Stocks moved modestly higher in the first hour of yesterday’s session, then drifted sideways, in a narrow range, throughout the remainder of the day. All the major indices finished higher, but weakness in the tech arena caused the Nasdaq to lag. Both the S&P 500 and Dow Jones Industrial Average gained 0.4%, as the Nasdaq Composite, small-cap Russell 2000, and S&P Midcap 400 indices each advanced 0.2%. After the opening rally subsided, the subsequent intraday trading range became rather tight. Still, the S&P 500 finished near its best level of the day and closed at another new six-year high. The Dow remained stuck at resistance of its prior uptrend line that we illustrated in yesterday’s newsletter.
Total volume in the NYSE increased by 10% yesterday, enabling the S&P to register an “accumulation day,” but turnover was still below its 50-day average level. In the Nasdaq, volume was only 1% higher than the previous day’s level. As long as stocks remain in an overall trend of declining volume below average levels, extra caution should be taken when entering new long positions. It only takes a one day spike in selling volume to wipe out many days of light volume gains, which is what occurred on November 27. Market internals were mixed. Advancing volume in the NYSE exceeded declining volume by a margin of 1.9 to 1, while the Nasdaq volume ratio was flat.
As always, one major factor weighing on whether the Nasdaq breaks out to a new high or forms a lower high and reverses is the direction of the Semiconductor Index ($SOX). Last week, the $SOX fell below the low of its prior consolidation, but bounced off major support of its 200-day moving average. Just as the 200-day MA acted as a brick wall that stopped the rally attempt on October 16, it did exactly the opposite on December 1. For educational purposes, this is a great example of how a prior resistance level becomes the new support level after the resistance is broken. It also shows how the 200-day MA nearly always triggers a bounce when acting both as either support or resistance:
As you can see, the $SOX is now trapped in “no man’s land.” The 200-day MA, as well as the rising 50-day MA, are both acting as support from below, but resistance from the high of the prior consolidation is overhead. This “tug-of-war” could easily keep the $SOX trapped in a range over the next few weeks, which would keep the Nasdaq volatility in check as well. However, in the event that the $SOX manages to break out to the upside, it’s good to have a plan of action. The Semiconductor HOLDR (SMH) and iShares Semiconductor (IGW) are both following a similar pattern to the $SOX index itself, but one ETF showing relative strength to the index is the PowerShares Semiconductor (PSI):
Unlike the $SOX, notice that PSI closed yesterday right at the high of last month’s consolidation. Its relative strength to the $SOX index means it should be the top performing ETF in that sector if the semis break out. The buy trigger in PSI is above horizontal price resistance at 18, but buying it without the $SOX first proving it can break out above its recent consolidation is a risky proposition.

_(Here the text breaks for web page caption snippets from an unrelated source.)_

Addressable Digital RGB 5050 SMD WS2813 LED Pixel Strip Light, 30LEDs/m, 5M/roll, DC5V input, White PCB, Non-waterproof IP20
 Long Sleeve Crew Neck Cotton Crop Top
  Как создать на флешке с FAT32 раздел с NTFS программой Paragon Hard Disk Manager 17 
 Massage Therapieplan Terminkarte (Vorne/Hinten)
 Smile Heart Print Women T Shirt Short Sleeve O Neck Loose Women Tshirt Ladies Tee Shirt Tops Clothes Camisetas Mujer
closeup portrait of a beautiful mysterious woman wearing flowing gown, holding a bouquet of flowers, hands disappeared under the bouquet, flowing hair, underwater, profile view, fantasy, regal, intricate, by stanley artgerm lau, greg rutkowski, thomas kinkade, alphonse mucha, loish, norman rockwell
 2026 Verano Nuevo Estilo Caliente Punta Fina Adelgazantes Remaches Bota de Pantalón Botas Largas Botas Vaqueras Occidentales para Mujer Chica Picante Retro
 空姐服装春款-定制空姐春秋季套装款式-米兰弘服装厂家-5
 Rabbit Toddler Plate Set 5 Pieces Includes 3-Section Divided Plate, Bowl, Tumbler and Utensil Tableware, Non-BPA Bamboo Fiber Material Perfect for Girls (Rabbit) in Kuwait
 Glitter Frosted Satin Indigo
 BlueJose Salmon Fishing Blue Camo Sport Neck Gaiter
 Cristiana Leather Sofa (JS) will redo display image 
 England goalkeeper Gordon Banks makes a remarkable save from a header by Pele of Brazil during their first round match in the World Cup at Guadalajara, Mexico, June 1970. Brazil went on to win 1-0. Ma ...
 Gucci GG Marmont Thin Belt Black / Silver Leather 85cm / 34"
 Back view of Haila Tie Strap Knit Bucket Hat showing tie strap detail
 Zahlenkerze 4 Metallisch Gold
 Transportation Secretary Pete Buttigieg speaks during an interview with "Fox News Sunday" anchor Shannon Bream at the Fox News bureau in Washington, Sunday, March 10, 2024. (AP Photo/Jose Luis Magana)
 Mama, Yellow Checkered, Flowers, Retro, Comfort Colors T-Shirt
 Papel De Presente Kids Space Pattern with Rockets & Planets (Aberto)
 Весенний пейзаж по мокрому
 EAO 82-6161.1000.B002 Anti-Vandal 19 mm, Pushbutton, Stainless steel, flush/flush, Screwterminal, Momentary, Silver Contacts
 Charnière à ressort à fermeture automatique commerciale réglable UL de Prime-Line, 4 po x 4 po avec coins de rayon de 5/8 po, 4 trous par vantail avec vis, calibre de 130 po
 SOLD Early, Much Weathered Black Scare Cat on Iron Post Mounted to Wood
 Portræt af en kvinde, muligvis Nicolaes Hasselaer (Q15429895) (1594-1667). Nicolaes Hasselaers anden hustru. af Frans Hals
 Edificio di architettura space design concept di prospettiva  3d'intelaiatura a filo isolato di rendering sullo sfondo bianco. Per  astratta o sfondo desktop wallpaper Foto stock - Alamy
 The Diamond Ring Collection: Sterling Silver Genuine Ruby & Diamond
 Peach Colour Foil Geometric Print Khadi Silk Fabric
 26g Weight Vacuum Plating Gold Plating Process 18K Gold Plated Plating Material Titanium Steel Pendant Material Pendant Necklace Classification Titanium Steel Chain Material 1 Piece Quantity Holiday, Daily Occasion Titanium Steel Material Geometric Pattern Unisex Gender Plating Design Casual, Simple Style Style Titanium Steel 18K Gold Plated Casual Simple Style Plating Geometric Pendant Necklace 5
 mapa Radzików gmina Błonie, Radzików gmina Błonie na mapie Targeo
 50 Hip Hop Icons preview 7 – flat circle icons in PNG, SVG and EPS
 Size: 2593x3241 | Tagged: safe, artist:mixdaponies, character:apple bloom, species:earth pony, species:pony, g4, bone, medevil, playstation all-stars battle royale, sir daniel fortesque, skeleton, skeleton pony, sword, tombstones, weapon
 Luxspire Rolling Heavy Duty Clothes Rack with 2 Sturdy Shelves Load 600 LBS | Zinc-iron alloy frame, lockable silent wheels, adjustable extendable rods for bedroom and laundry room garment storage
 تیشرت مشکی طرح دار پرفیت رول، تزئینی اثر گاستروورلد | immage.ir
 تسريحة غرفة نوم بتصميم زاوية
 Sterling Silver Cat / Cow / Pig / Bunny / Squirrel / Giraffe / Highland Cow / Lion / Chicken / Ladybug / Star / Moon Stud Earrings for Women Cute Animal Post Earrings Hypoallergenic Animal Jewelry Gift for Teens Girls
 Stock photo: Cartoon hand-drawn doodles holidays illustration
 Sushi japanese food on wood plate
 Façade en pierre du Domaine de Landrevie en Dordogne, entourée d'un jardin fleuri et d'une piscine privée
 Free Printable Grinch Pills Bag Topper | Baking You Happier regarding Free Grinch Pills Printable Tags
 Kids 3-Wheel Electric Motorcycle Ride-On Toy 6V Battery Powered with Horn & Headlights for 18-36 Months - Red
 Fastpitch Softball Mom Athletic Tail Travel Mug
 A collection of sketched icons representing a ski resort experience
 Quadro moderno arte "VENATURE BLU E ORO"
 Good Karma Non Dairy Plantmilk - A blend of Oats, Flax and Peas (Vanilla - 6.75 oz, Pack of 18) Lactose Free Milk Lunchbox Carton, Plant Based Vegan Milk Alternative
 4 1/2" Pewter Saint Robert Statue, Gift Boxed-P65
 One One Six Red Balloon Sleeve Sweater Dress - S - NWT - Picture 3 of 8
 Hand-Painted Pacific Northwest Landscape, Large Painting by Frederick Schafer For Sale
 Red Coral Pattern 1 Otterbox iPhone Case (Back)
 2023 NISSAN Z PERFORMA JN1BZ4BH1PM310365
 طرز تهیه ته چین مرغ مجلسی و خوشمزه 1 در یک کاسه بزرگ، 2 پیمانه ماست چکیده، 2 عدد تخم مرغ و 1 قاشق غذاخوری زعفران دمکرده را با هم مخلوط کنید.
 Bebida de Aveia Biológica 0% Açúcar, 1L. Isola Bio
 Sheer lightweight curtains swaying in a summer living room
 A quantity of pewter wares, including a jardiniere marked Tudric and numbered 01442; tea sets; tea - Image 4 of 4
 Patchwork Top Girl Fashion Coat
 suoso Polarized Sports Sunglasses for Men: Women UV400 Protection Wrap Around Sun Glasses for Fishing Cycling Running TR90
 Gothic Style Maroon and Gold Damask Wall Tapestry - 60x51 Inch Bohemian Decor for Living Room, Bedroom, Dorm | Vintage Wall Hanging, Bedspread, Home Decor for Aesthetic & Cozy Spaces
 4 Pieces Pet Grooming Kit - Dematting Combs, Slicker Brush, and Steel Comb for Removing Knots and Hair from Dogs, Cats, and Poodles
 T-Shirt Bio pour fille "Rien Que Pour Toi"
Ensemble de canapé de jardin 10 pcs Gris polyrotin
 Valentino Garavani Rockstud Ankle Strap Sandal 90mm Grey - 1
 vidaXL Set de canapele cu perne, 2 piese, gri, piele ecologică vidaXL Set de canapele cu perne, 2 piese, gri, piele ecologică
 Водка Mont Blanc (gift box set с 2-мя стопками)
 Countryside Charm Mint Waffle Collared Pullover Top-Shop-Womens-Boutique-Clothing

Regarding the broad market, there’s not much new to say other than it remains rather resilient. All the major indices continue to grind higher, although the Dow is still in dangerous territory, right at resistance of it its prior uptrend line. The recovery from the November 27 selloff has lacked overall conviction, but being short is pretty tough as well. For that reason, we remain in SOH mode (“sitting on hands”) with regard to any ETFs that are closely correlated to the broad market. International, commodities, and currency ETFs are good places to look for non-correlated ETFs. When the market begins giving us clear signals that are all in line, we will be ready for new trade entries in whichever direction it goes.
We have shifted into “SOH mode” with regard to ETFs correlated directly to the market, and feel it is best to be mostly cash for the time being. We will, however, continue to keep scanning for any ETF setups that offer a high risk/reward ratio in the current market conditions. As always, we will send an intraday e-mail alert if/when we enter anything not listed here on the watchlist.
Daily Performance Report:
Below is an overview of all open positions, as well as a performance report on all positions that were closed only since the previous day’s newsletter. Net P/L figures are based on the $50,000 Wagner Daily model account size. Changes to open positions since the previous report are listed in red text below:
Open positions (coming into today):
RKH short (200 shares from Nov. 30 and Dec. 1 entries) –
sold short 155.21 (avg.), new stop – see note below, target 150.80, unrealized points = (2.32), unrealized P/L = ($464)
USO long (300 shares from Dec. 5 entry) –
bought 54.60, stop 52.54, target 58.90, unrealized points = (0.30), unrealized P/L = ($90)
Closed positions (since last report):
Current equity exposure ($100,000 max. buying power):
Because RKH closed within a few pennies of our original stop price, we are adjusting it slightly in order to allow for some “wiggle room” on the open. The new stop will be 10 cents above the high of the first 20 minutes (like the MTG Opening Gap Rules). If the 20-minute high is lower than our original stop of 157.68, then we will continue using the original stop. Separately, we bought USO per intraday e-mail alert yesterday and the trade details are reflected above.